↓↓↓

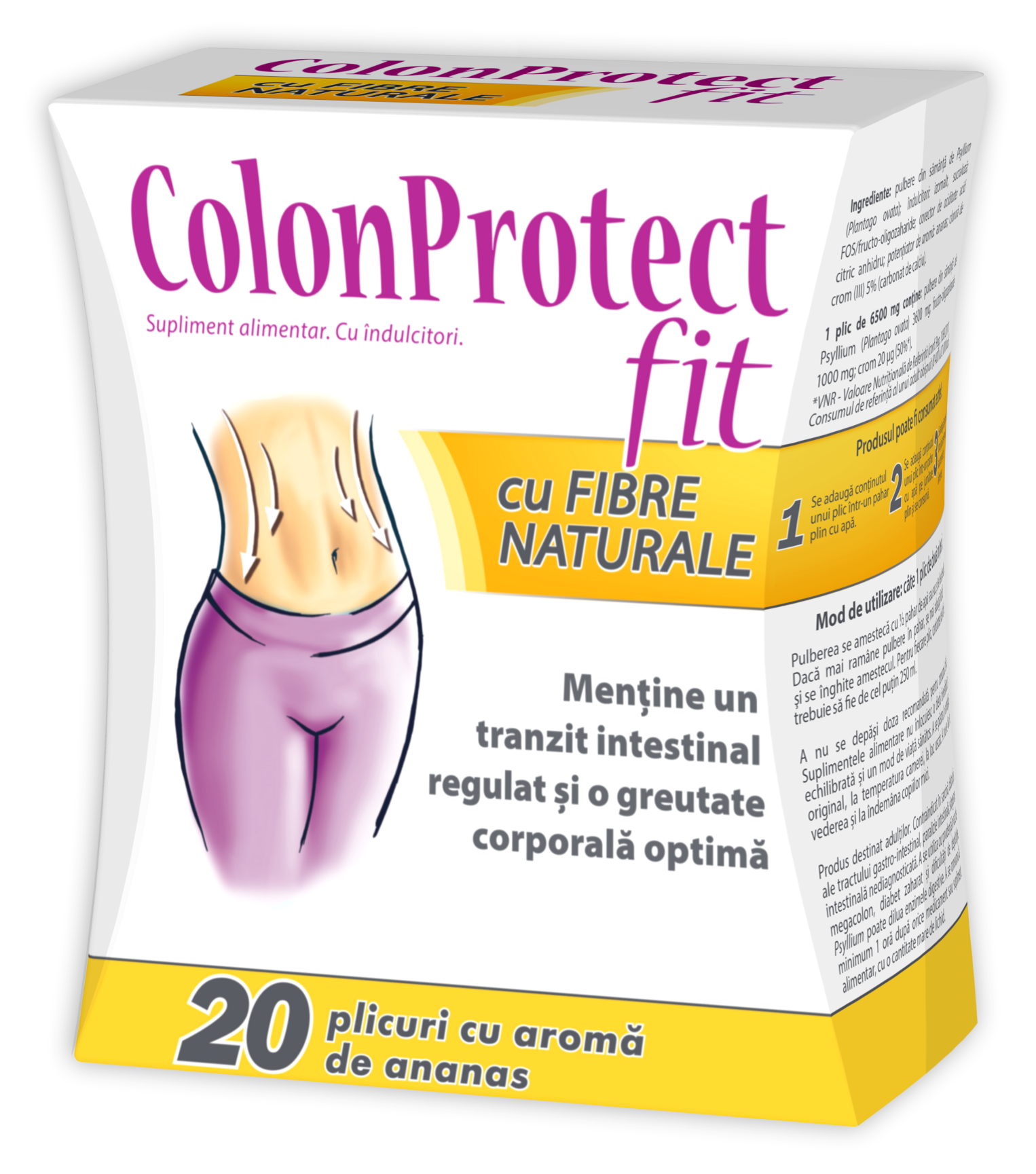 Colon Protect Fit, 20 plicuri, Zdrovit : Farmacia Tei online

↑↑↑
↓↓↓

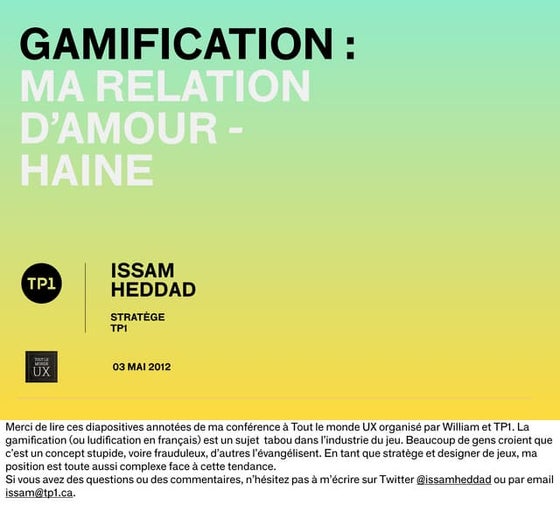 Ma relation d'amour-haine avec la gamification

↑↑↑
↓↓↓

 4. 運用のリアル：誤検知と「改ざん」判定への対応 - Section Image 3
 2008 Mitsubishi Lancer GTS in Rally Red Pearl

↑↑↑

> [Exercise goal]:
From the data above, output exactly the lines between the one containing "4. 運用のリアル：誤検知と「改ざん」判定への対応 - Section Image 3" and the one containing "2008 Mitsubishi Lancer", counting both of them.

> [Response area]:
 4. 運用のリアル：誤検知と「改ざん」判定への対応 - Section Image 3
 2008 Mitsubishi Lancer GTS in Rally Red Pearl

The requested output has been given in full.